The FPGA includes additional I/O pin tamper detection safety circuitry that is crucial to prevent any type of black-box attack. If an individual were to gain possession of the FPGA and probe with arbitrary input signals, the Altera provides a tamper detection capability. It works as follows: Learning Phase, the Input Monitoring Model is trained from real or simulated inputs and outputs to the device to be protected. These inputs and outputs could be measured, obtained from the device specification, or extrapolated from piecemeal knowledge of the device's characteristics. Once this database of known input-output combinations (both normal operational inputs and simulated tamper-style inputs) is created, it will be applied to a time-sensitive Input Monitoring Model.

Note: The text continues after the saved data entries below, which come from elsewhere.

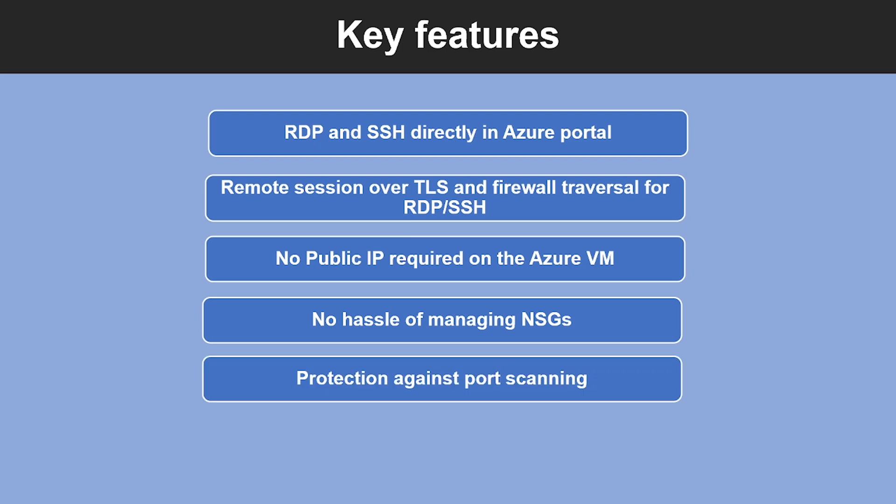Fifth feature is protection against port scanning. Because you do not need to expose your virtual machine to public internet, your VMs are protected against port scanning by rogue and malicious users located outside your virtual network.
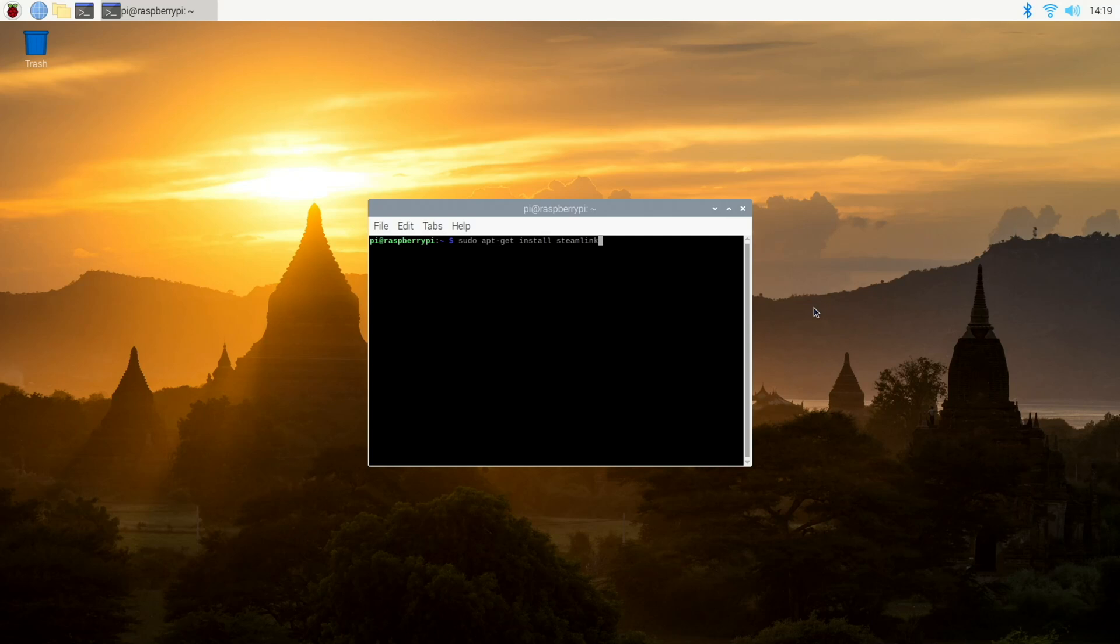And now that we've updated our Raspberry Pi OS, just go ahead and enter sudo apt-get install steamlink.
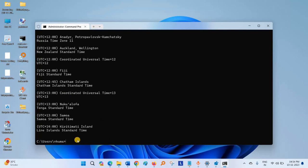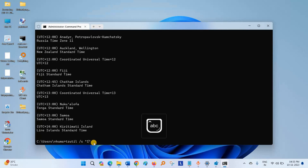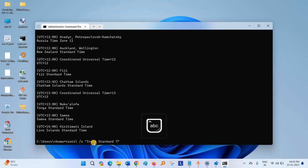Now to set timezone of your country or region, type TZUTIL space /S space double inverted comma, then timezone of your country.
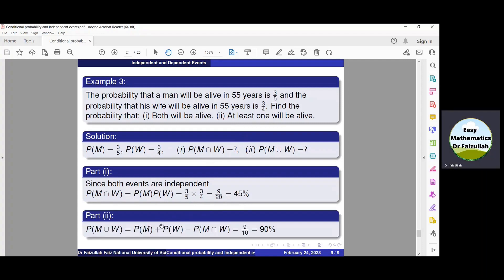To find the solution of part two, we use the addition formula: probability of M union W equals probability of M plus probability of W minus probability of M intersection W. Probability of M is 3 by 5, probability of W is 3 by 4, and probability of M intersection W is 9 by 20. Substituting these values and simplifying, we get 18 by 20, which is equal to 90%. So the probability that the man, his wife, or both will be alive is 90%.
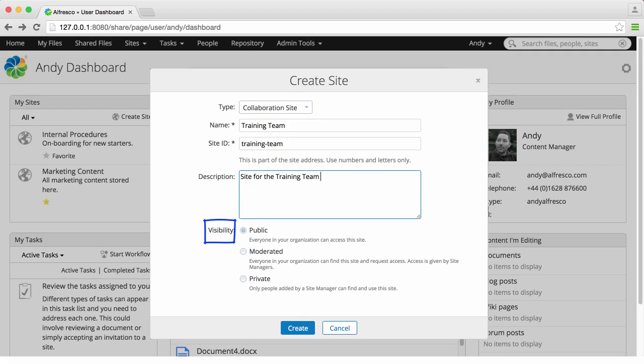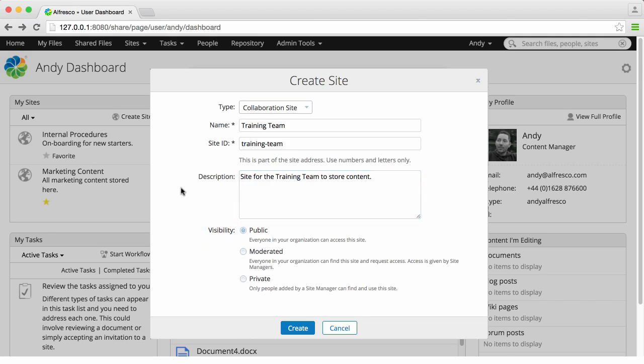Next select the site visibility. You have three options here. Firstly, a public site. All users can view a public site in their own home network whether or not they've joined the site. Users who join the site are listed as site members and can work with site content depending on their assigned roles.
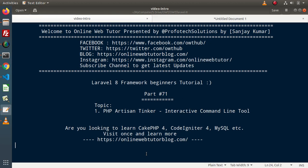Hello guys. Welcome to Online Web Tutor. I am Sanjay. We are learning Laravel framework tutorial. This is part 71. Inside this video, we will discuss all about PHP Artisan Tinker, which is an interactive command line interface.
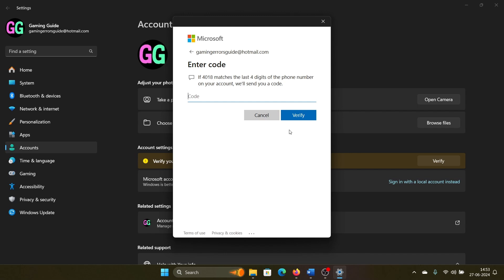I'll have to enter the code, and once I enter it, I will be able to verify. I will enter the code now and then click on verify.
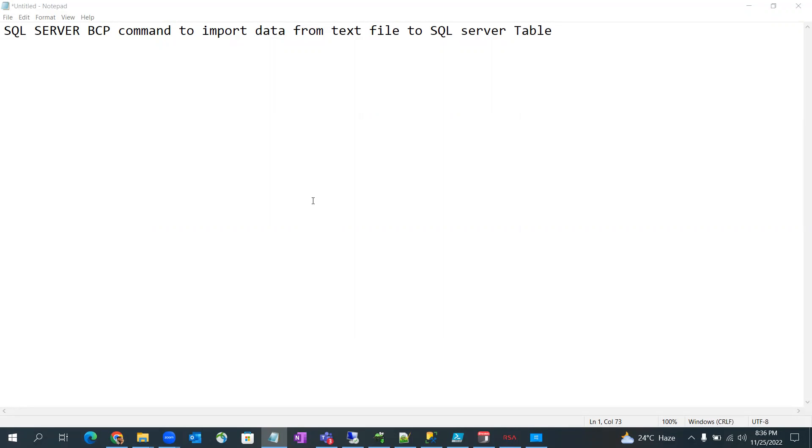Hi everyone, so today I'm going to show how to import data from a text file to our SQL Server database. For that we have a SQL Server BCP command and we can use that to import the data from text file to table.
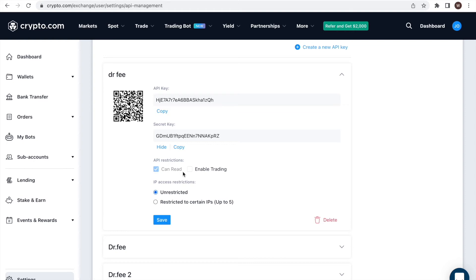Therefore, we do not grant any further permissions besides read-only. Through this, Dr. Fee is able to read the historic trades made on the account and can thereby simulate the fee paid at different exchanges to identify the saving potential. But could of course not access any further data or execute trades or withdraw on the account.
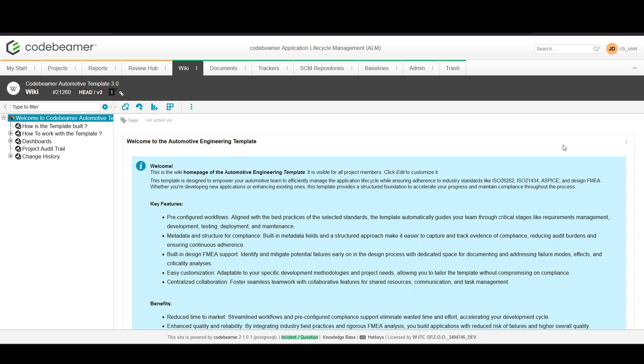Hello and welcome to WITC's Codebeamer for beginners. Now we're focusing on how to efficiently add tasks in Codebeamer, a fundamental skill for managing your projects effectively.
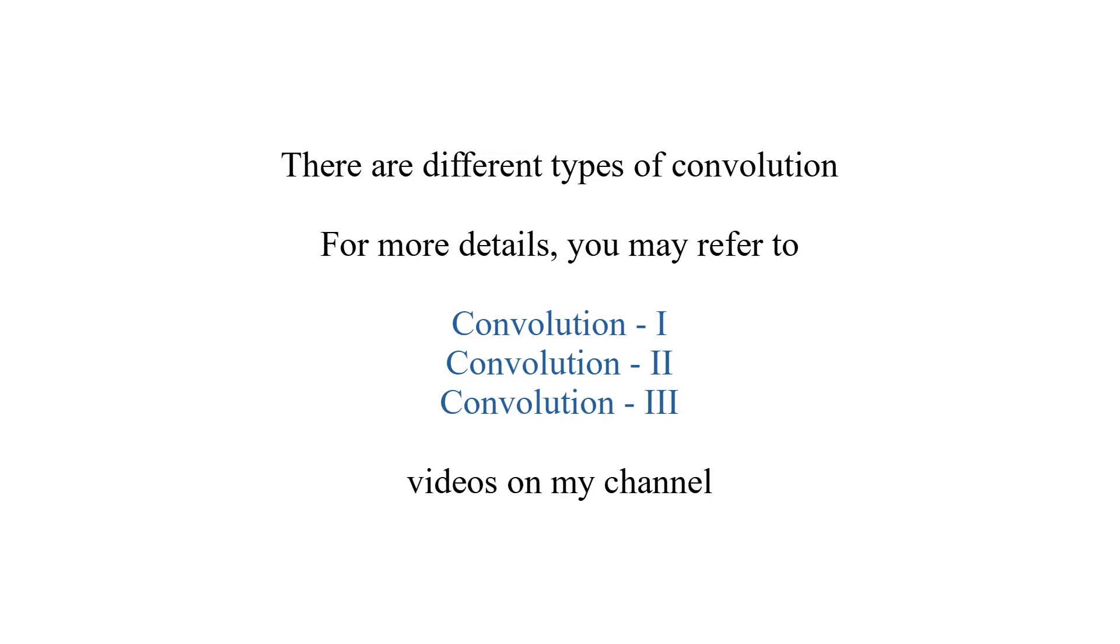Here is an animation that I created to illustrate the convolution process. There are different types of convolution. For more details, you may refer to convolution 1, 2 and 3 videos on my channel.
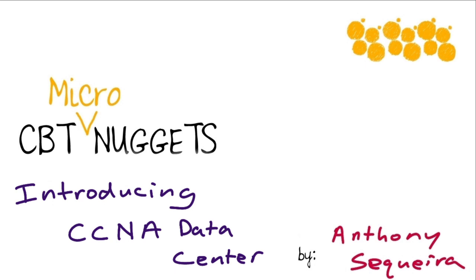In this micro nugget, I'm going to guide you through the CCNA data center, a perfect way to get your start in the world of data center technologies.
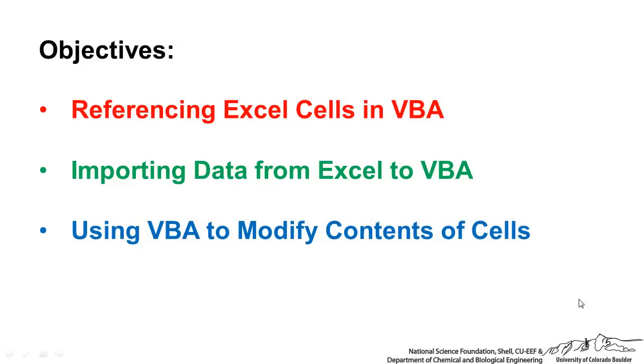In this screencast, I'm going to cover a couple different ways in which Excel and VBA interface and interact with one another.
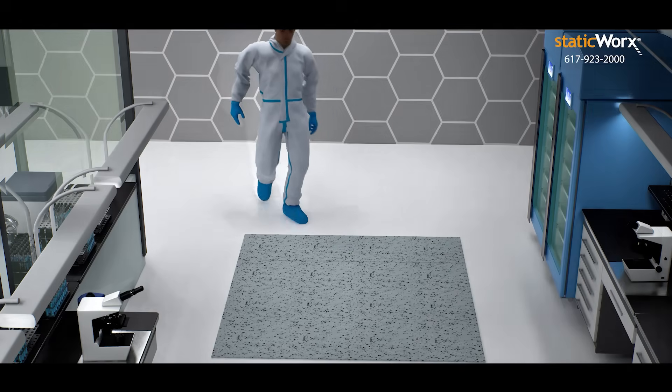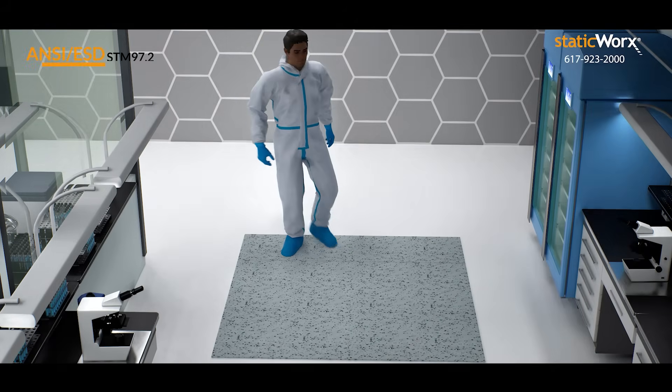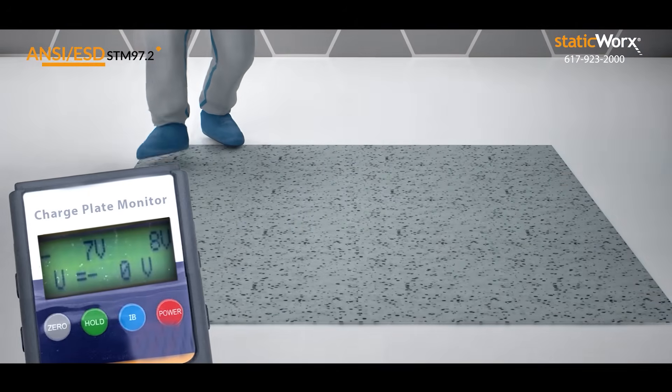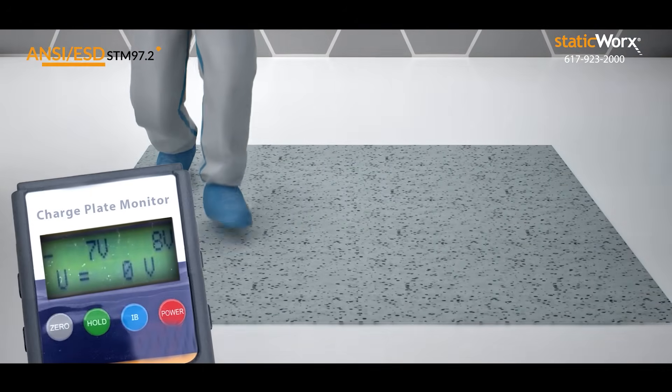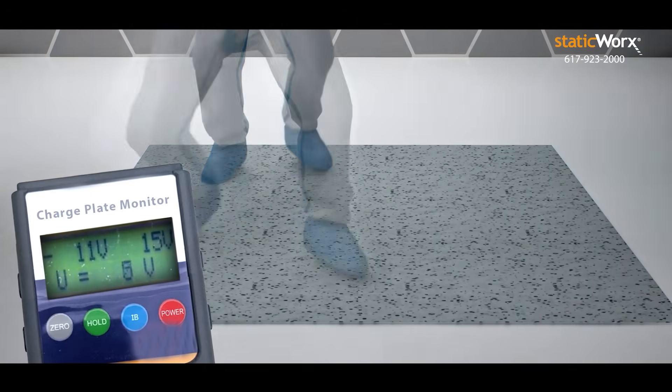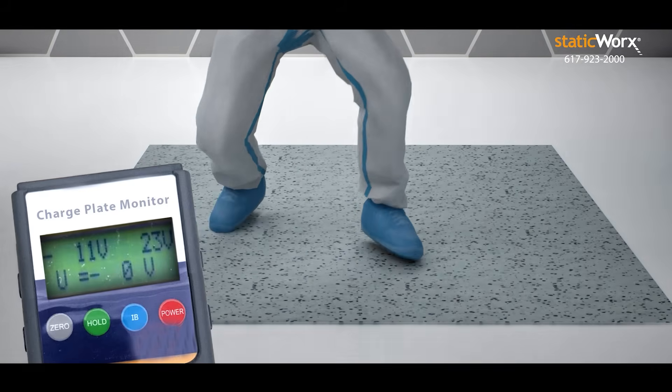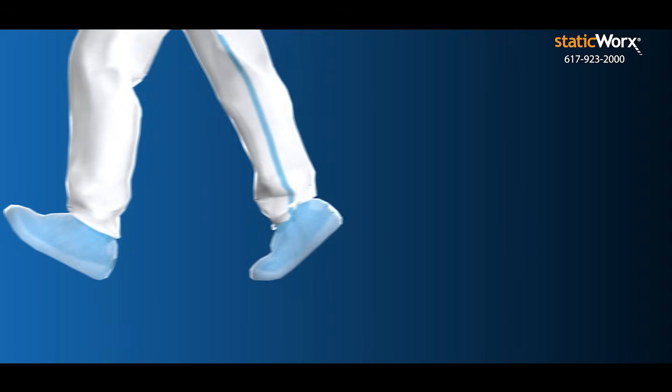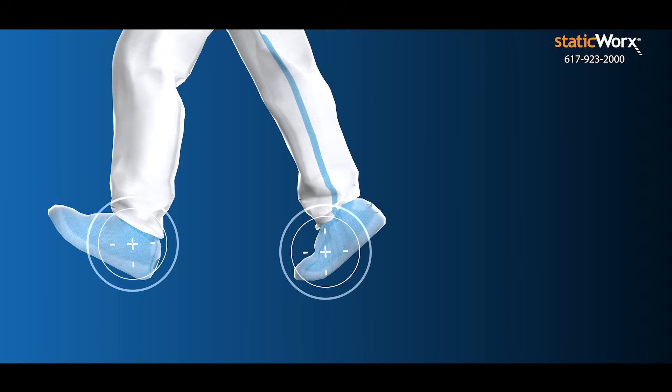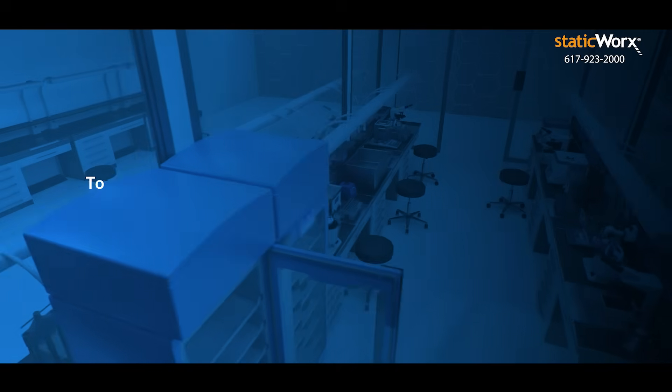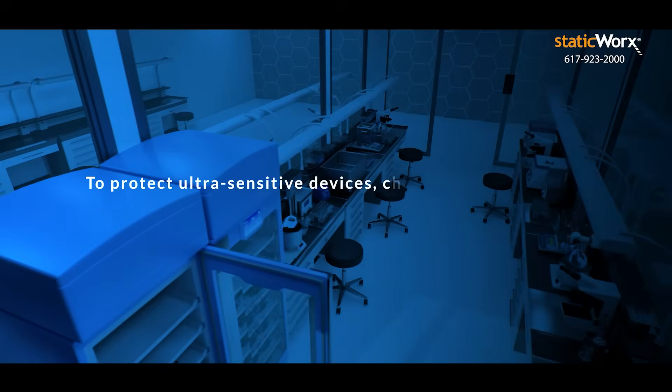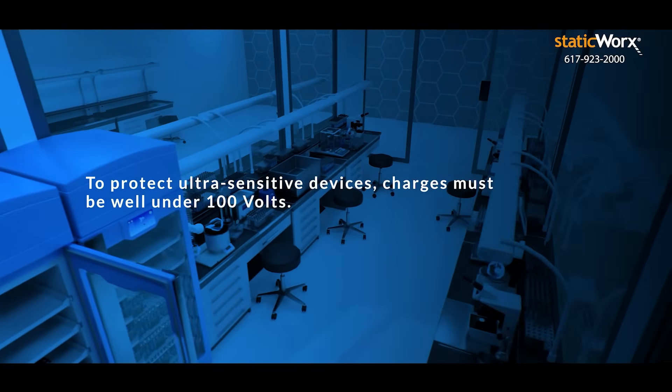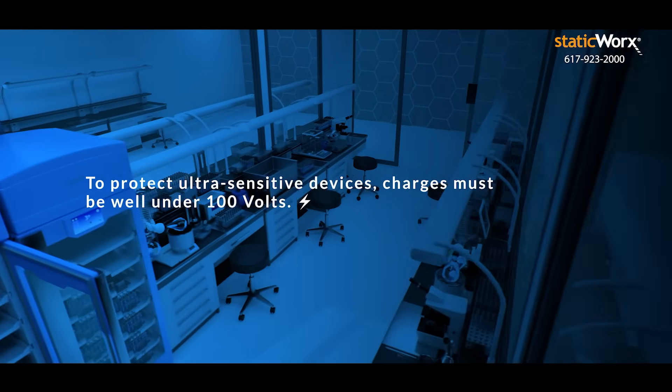You also need to check charge generation. Test method 97.2 tells you how much of a charge you'll get when people walk on the floor. For meaningful results, the person doing the test needs to wear the same exact footwear people will use in the space. To protect ultra-sensitive devices, charges must be well under 100 volts.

Operational Phase, the component under protection is either considered to be in its normal operational environment or it is outside of this environment and being subjected to laboratory attacks. External inputs are received by the augmented anti-tamper package and fed directly to the protected component, the Input Monitoring Model and the Output Obfuscation Model. These inputs come from either the intended environment or from laboratory testing; the component is unaware of the source initially. In the former case, the Input Monitoring Model will respond with a No Tamper signal. This signal is used by the Output Obfuscation Model's Gating Mechanism to pass the normal operational outputs from the critical component through to the output of the augmented package. If, however, the recognizer outputs a Tampered Input signal, this signal initiates processing within the Output Obfuscation Model. Based upon the temporal inputs being received and the indicator from the recognizer, the generator will produce obfuscated outputs that are then passed through the gating mechanism to the output.
BST holds promise to solve many complex software vulnerability problems present in today's modern computer systems as well as older legacy systems. BST can help identify polymorphic viral code that falls under the radar screen of today's current signature based anti-virus products. BST can be used to mitigate buffer overflow vulnerabilities in legacy/COTS code by extracting code that is unsecured and running it within a secure framework. BST can be used to prevent Reverse Engineering (RE) efforts by protecting CPI code in a secure shielded environment particularly software vendor's protection mechanisms can be extracted and executed in a secure environment as well as military weapon systems CPI content. BST can be used to assist in software optimization and or upgrading of obsolete legacy code to modern software libraries.